But I’m completely chill about the writing part because this isn’t crunch time. It’s Month One out of Twelve. And knowing I have a dozen months ahead of me to catch up has taken a ton of the pressure off to the point where I am, oddly enough, getting more good writing done in December and January than I did before I made this change all because I’m in a better headspace.
This huge shift in how I view and work and, in the big picture, what did I actually change? I shifted the deadline on a self-challenge no one cared about but me anyway. I changed my goals so that they fit into the life I was already living instead of trying to cram those deadlines onto the One-Size-Fits-All calendar year just because it was what everyone else was doing.
If you’re struggling with your goals, the issue may not be how you work but rather the timing. I highly recommend taking a look at your life and the patterns you see happening every year, every month even, and setting a goal that works for you and your life… not just because the calendar said so. Your week can just as easily start on a Wednesday or be 10 days long. Your months can be a firm four weeks long regardless of the number of days the calendar says and a year can start and end whenever you need it to. When you start to realize the calendar is only an arbitrary way us humans track time, you can free yourself from it and start to build better goals and deadlines that suit your needs.

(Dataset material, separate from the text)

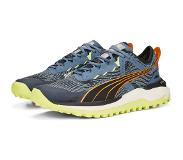 Puma Voyage Nitro 2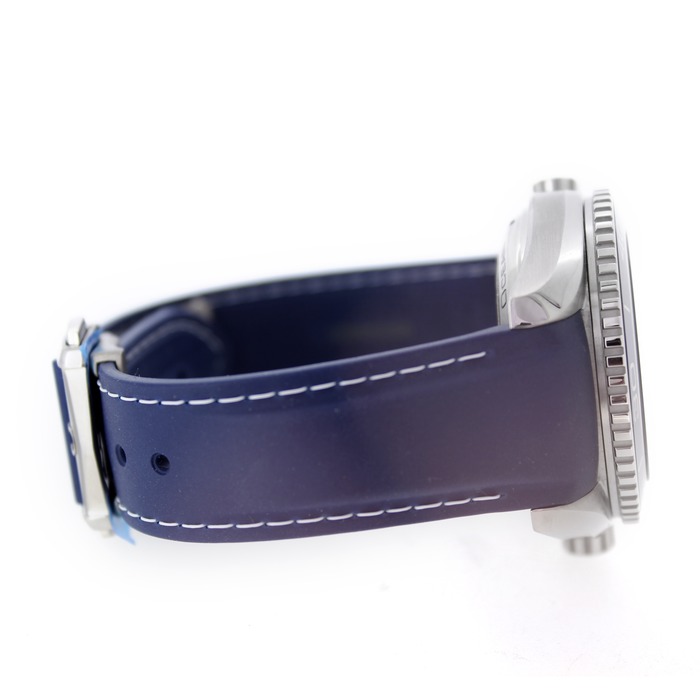 Omega_Seamaster_Planet_Ocean_23292422103001_Tweedehands_75490-737_Juwelier_Clem_Vercammen-10.jpg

“When I was alive, I believed–as you do–that time was at least as real and solid as myself, and probably more so. I said ‘one o’clock’ as though I could see it, and ‘Monday’ as though I could find it on the map; and I let myself be hurried along from minute to minute, day to day, year to year, as though I were actually moving from one place to another. Like everyone else, I lived in a house bricked up with seconds and minutes, weekends and New Year’s Days, and I never went outside until I died, because there was no other door. Now I know that I could have walked through the walls.”